PLANNING RE SAB (and anywhere else)

Planning and preservation indeed! If you fail to plan you plan to fail. And we ARE tying to figure how to save colonial heritage, which is a basis for tourism and having a sense of identity. A lot of people are passionate about putting up new buildings, while I've spent my life opposing new buildings. All over Jamaica, they have erased history through demolition of the old. The cement to build them comes at the cost of environment and scenic value. I wonder if a better way to provide jobs can'rt be found. 

We must consider fossil fuel for all the modern conveniences--electricty, cooling, refrigeration, transportation--that come with new buildings. 

There is climate crisis. The percentage of greenhouse gases in the atmosphere is higher than in all of human history.

We have a topsoil crisis, vegetation is being scraped away uncritically, wildlife has halved in the past 40 years, the oceans are almost dead.

We have a population crisis. Population has doubled in the last 40 years alone, based on the the exponential growth factor. This crisis in growth troubles the heck out of me, even if it doesn't disturb others at all. Half the Amazon Rainforest, the lungs of the planet, has gone since I was born. 

I don't put individual rights over the ability of planetary life to exist in the future. 

If there was planning people with land wouldn't be left hanging. There would be transfer of development rights, like we sort of have in some places here.
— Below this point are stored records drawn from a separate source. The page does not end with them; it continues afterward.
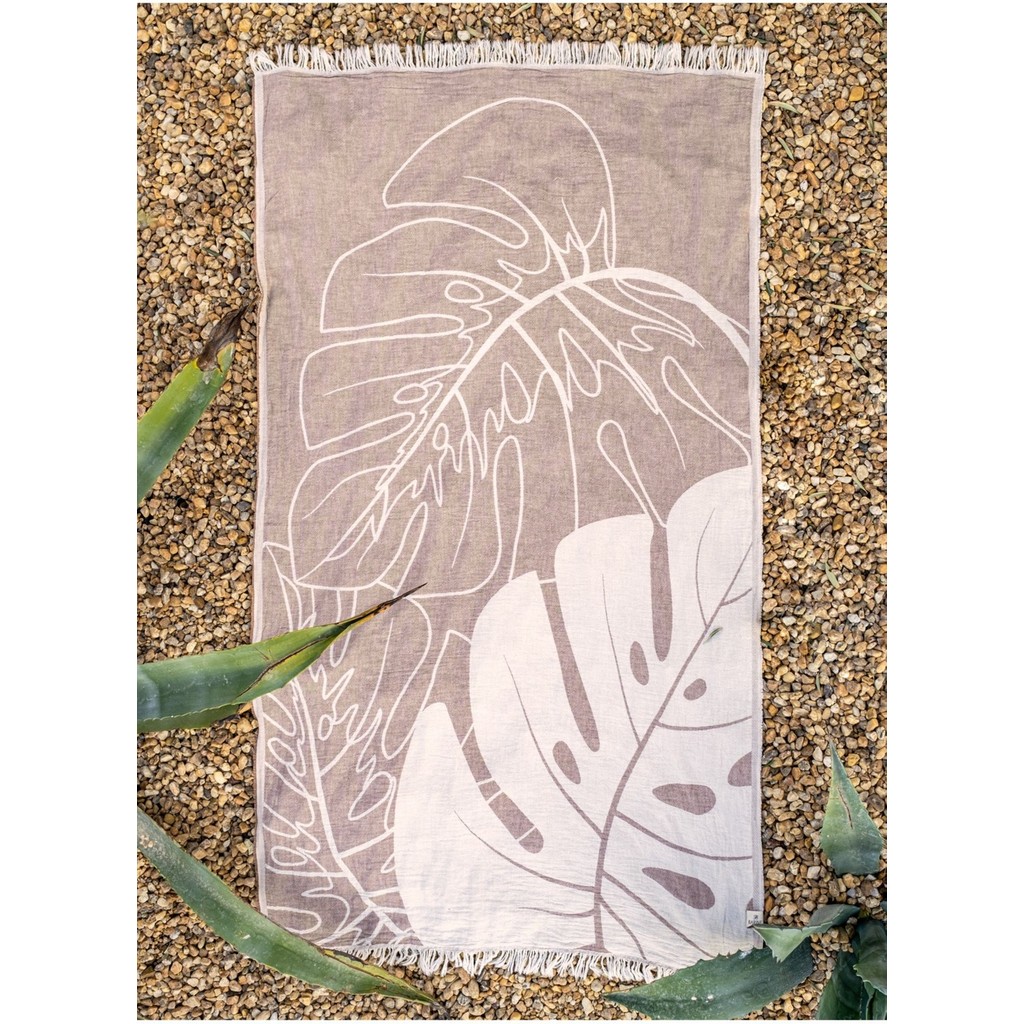 Barine Monstera Yaprağı Jakarlı Peştemal Bej, Taşıma Çantalı - 90 x 160 cm - Kahverengi Diğer Fiyatı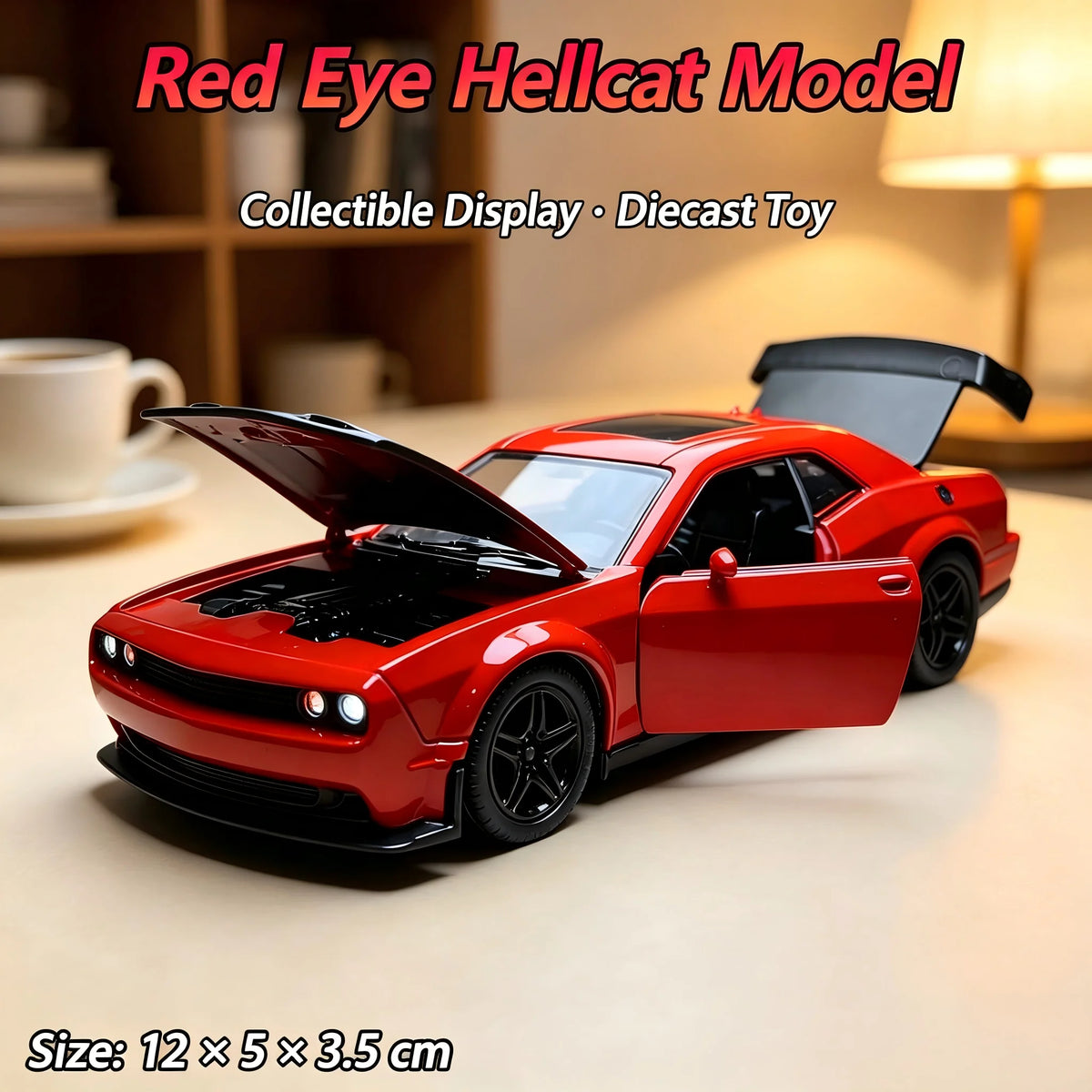 Hellcat 1:36 Diecast Model Car – Pull-Back Toy with Opening Doors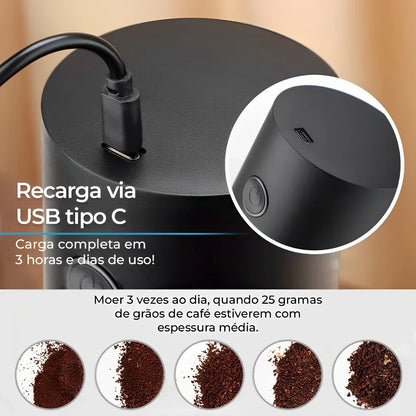 Moedor de Café Elétrico Portátil Recarregável com Ajuste de Níveis de Moagem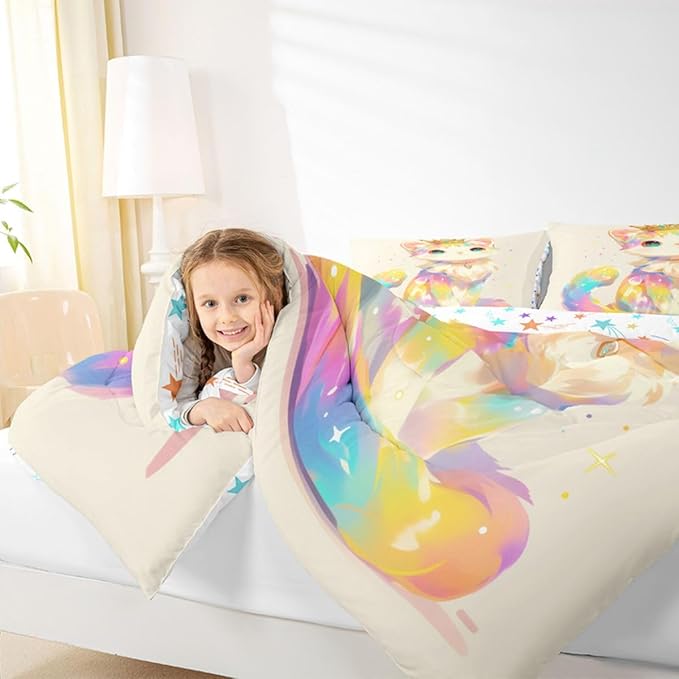 Cartoon Cat Comforter Set King Size Bedding Sets Watercolor 3D Anime Bed Comforter, Cute Pets Toddler Comforter for Animal Lovers Enthusiast Kawaii Anime Decor Design Quilt for Girls Kids Teens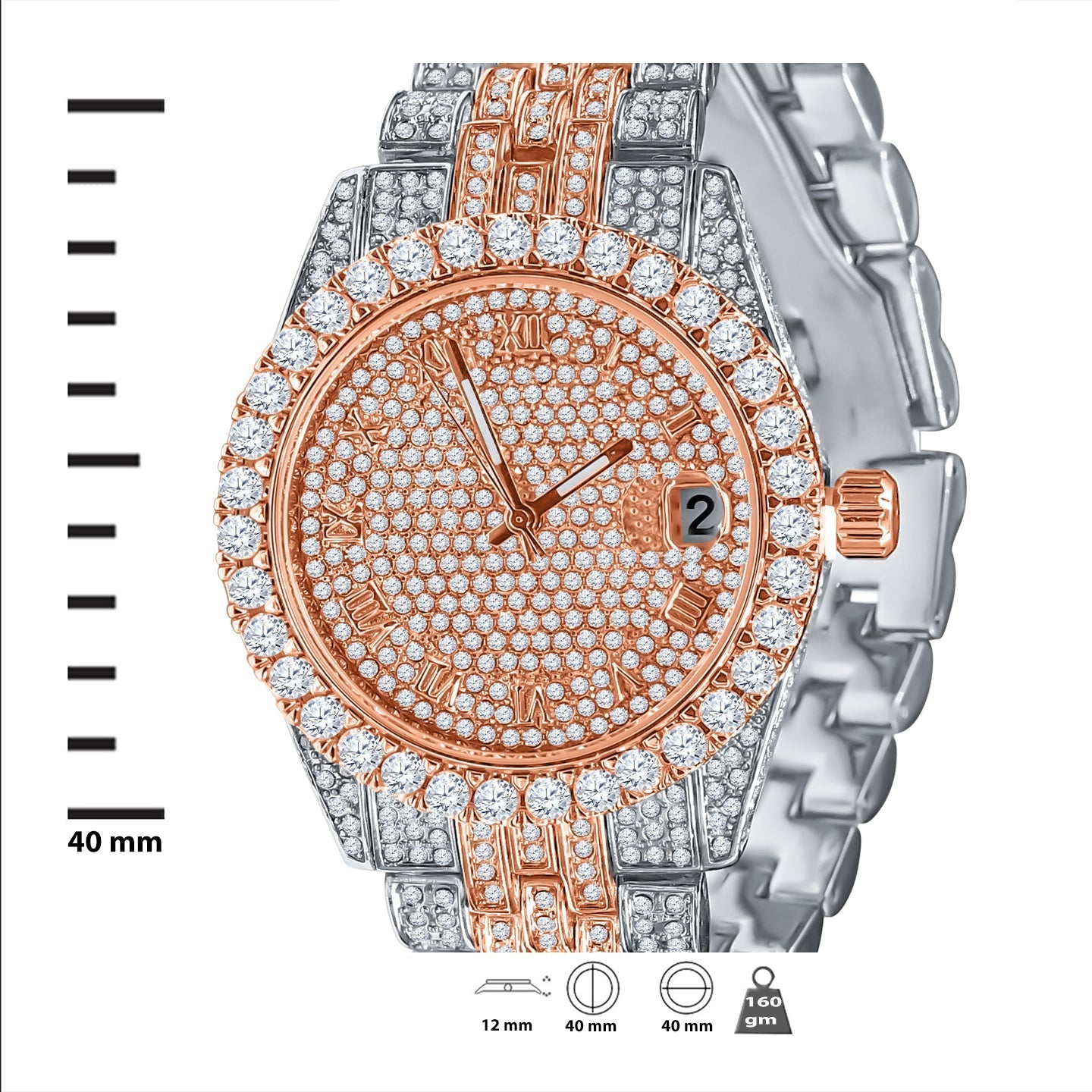 40mm Two Tone Rose Gold Silver Pave CZ Watch Bracelet Set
The land holder gets money from the sale of their development quota to a buyer in a "receiver" site that is allowed to build more densely than would be normal for that zoning. But while that is more thoughtful and fair, we're still up against absolute limits of a finite world. So I don't know what is a fair way out of the hell we've backed into. One suggestion might be to wrest deserted buildings away in some deal and compensate open-land owners by letting them restore it and use it profitably.

It's not that I have any power over planning, or the destruction of the planet. It's not that my side is winning. It's just that as long as I live, I will oppose new buildings with my puny ability to affect anything. I can give assurance that I'm not into win/lose outcomes. I believe you have to plan like crazy to avoid that and see that everyone comes out with something. You can turn lemons into lemonade. Every dark cloud has a silver lining. Open land can be used for camping and retreats..,.producing some income rather than none. All of these thorny issues require intense planning.